The traditional Fe/C micro-electrolysis uses an iron and activated carbon physical mixture as filler; the reaction efficiency is low and has engineering problems, such as easy blocking, hardening, and deactivation during application, which has severe limitations for large-scale applications [30]. Aimed to improve the reaction efficiency and solve the practical problems in the application of micro-electrolysis technology, we attempted to develop more efficient metal alloy-structured regular multiple micro-electrolysis fillers. Then, the regular multiple micro-electrolysis filler was applied in oil refinery wastewater treatment by batch experiments to explore the influence factors of multiple micro-electrolysis. The effect of micro-electrolysis in oil refinery wastewater treatment and the change of filler after a long continuously-running time were studied by continuous experiments.

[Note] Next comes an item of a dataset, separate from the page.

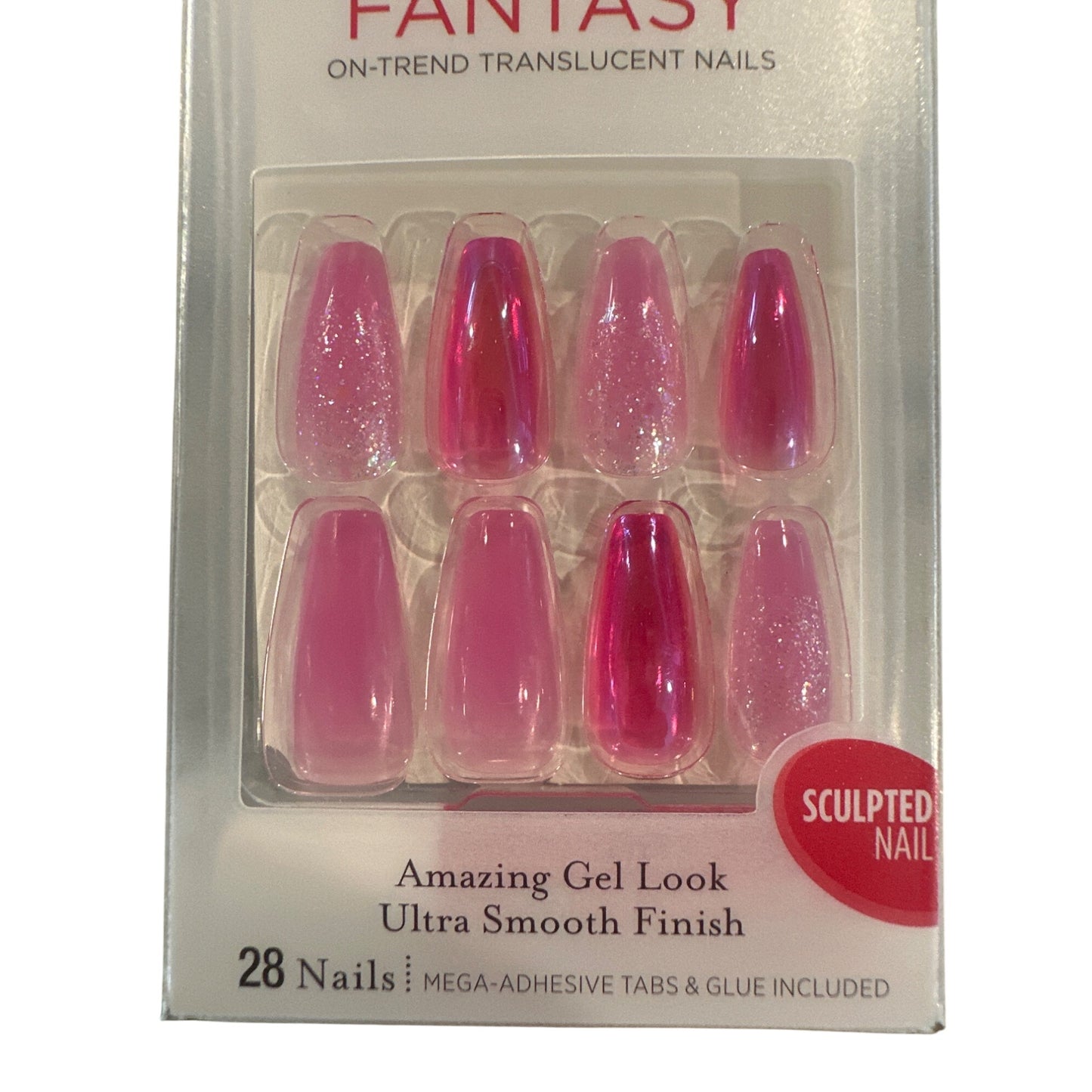 Kiss JELLY FANTASY 28 Nails Long Ballerina Translucent + Shimmer Pink Sculpted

2. Materials and Analytical Methods

2.1. Materials

Iron powders include iron over 98.0% (analytically pure); activated carbon powder (analytically pure); aluminum powders include aluminum over 99.0% (analytically pure); nickel powders include nickel over 99.5% (analytically pure); copper powders include copper over 99.5% (analytically pure); CH₂Cl₂ (analytically pure); and the correlative reagents for COD, BOD₅, and pH determined. The wastewater was the effluent of a primary flotation tank obtained from a wastewater treatment plant of a refinery in China, the characteristics are shown in

Table 1. Characteristics of oil refinery wastewater.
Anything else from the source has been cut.